3  :  mental concentration; careful consideration – a thought or opinion resulting from such consideration

“The pessimist resembles a man who observes with fear and sadness that his wall calendar, from which he daily tears a sheet, grows thinner with each passing day. On the other hand, the person who attacks the problems of life actively is like a man who removes each successive leaf from his calendar and files it neatly and carefully away with its predecessors, after first having jotted down a few diary notes on the back. He can reflect with pride and joy on all the richness set down in these notes, on all the life he has already lived to the fullest. What will it matter to him if he notices that he is growing old? Has he any reason to envy the young people whom he sees, or wax nostalgic over his own lost youth? What reasons has he to envy a young person? For the possibilities that a young person has, the future which is in store for him? 

No, thank you,’ he will think. ‘Instead of possibilities, I have realities in my past, not only the reality of work done and of love loved, but of sufferings bravely suffered. These sufferings are even the things of which I am most proud, although these are things which cannot inspire envy.’ ” 

Viktor E. Frankl – Man’s Search for Meaning

With the top down and cool wind in my hair I accelerate on the freeway onramp to get up to speed and head for home on my last day with the company. But not my last day in the county…

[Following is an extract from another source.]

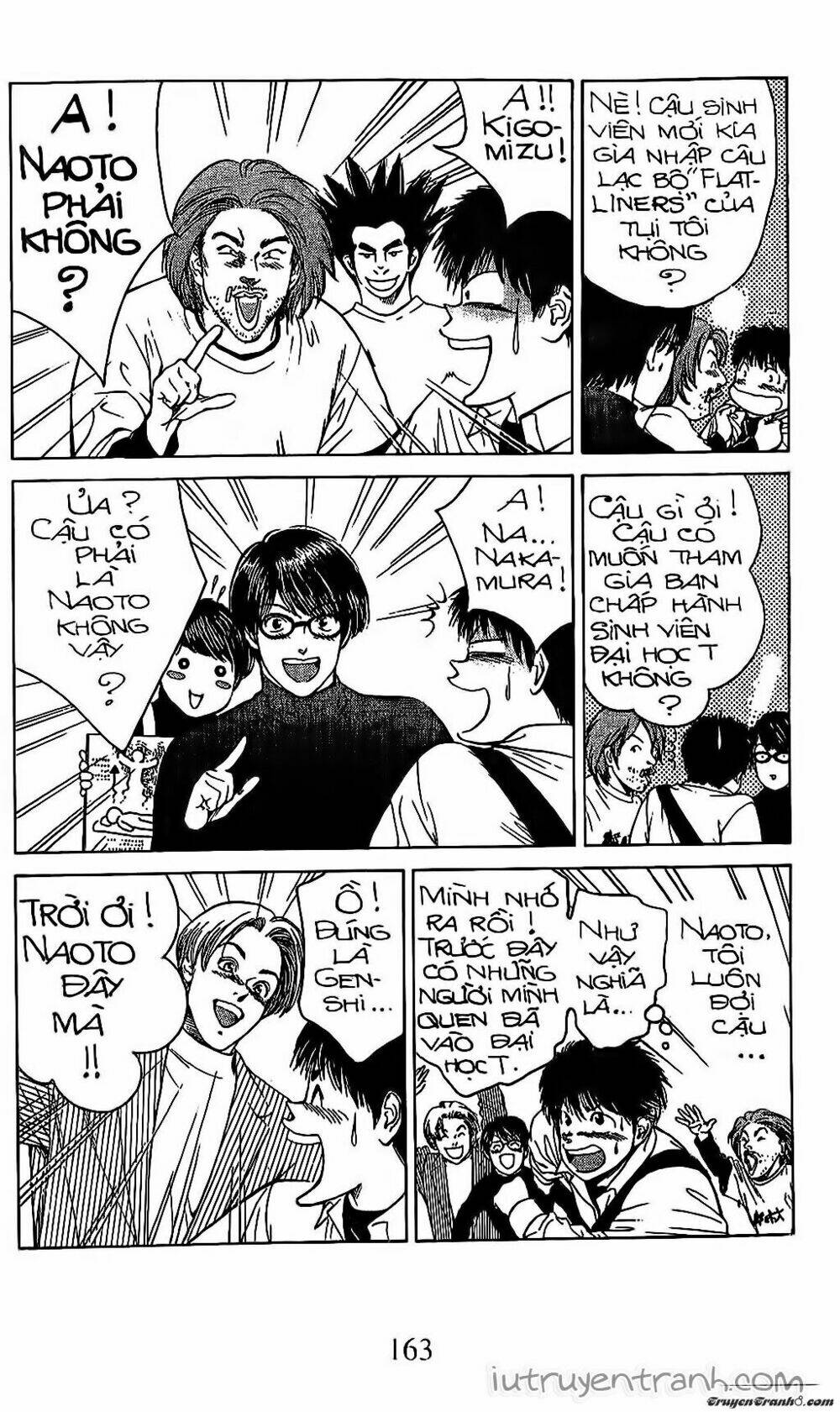 Mirano Nhà Tôi: Chapter 141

It’s an emotional day, to say the least, and I have time to reflect upon the years as I navigate through the darkness to the normalcy that I call home.  Ultimately, I have an optimistic view of the future and that optimism has its origins in the accomplishments of the past. There’s a lot to be proud of in the work that my tribe of EMTs and Paramedics have done in this county. Through incredible adversity we have advanced street medicine to a finely honed machine. Though the machine sometimes throws a cog we always find a way around it to accomplish the tasks at hand. We have had outstanding leaders at the helm as well as the occasional drunken captain, but in the field we have always pulled together to bring the best possible care to our patients.

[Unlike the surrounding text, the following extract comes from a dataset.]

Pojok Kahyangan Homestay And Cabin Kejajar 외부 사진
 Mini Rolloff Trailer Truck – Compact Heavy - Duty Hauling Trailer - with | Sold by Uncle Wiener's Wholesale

My mostly urban county has taken a toll on us yet it has given us so much more than is easy to recount in a single telling. The high call volume gives us a variety of experiences early in our careers. Those that survive the first few years have the mark of a battle hardened soldier on their foreheads. We may bear a few more worry lines and some new gray hairs, but we can also boast of relationships, forged in the trenches, that will last a lifetime. Some of those comrades will ship out tomorrow to take our flavor of street medicine to other counties. I wonder how they will be received when they finally reach their destination. Will they look back with fondness to the mostly urban county of our origin? Will they see themselves as finally having escaped the chaos? Maybe they will be ostracized in their new system and find that coming home is the only tolerable option – it’s happened already and we haven’t even started the transition.

The freeway takes me into the outskirts of the county and closer to home – I’m just one car in a constant stream of headlights and tail lights blurring into streaks reflected in the glass buildings in the empty office parks. As the economy fell the new buildings became empty and now stand as hollow glass blocks, devoid of occupancy; a sea of monuments showing us the economic reality that we all tried to deny until it was too late. In a real estate parody of the Occupy movement they stand idle, refusing to leave, yet their message is lost in obscurity.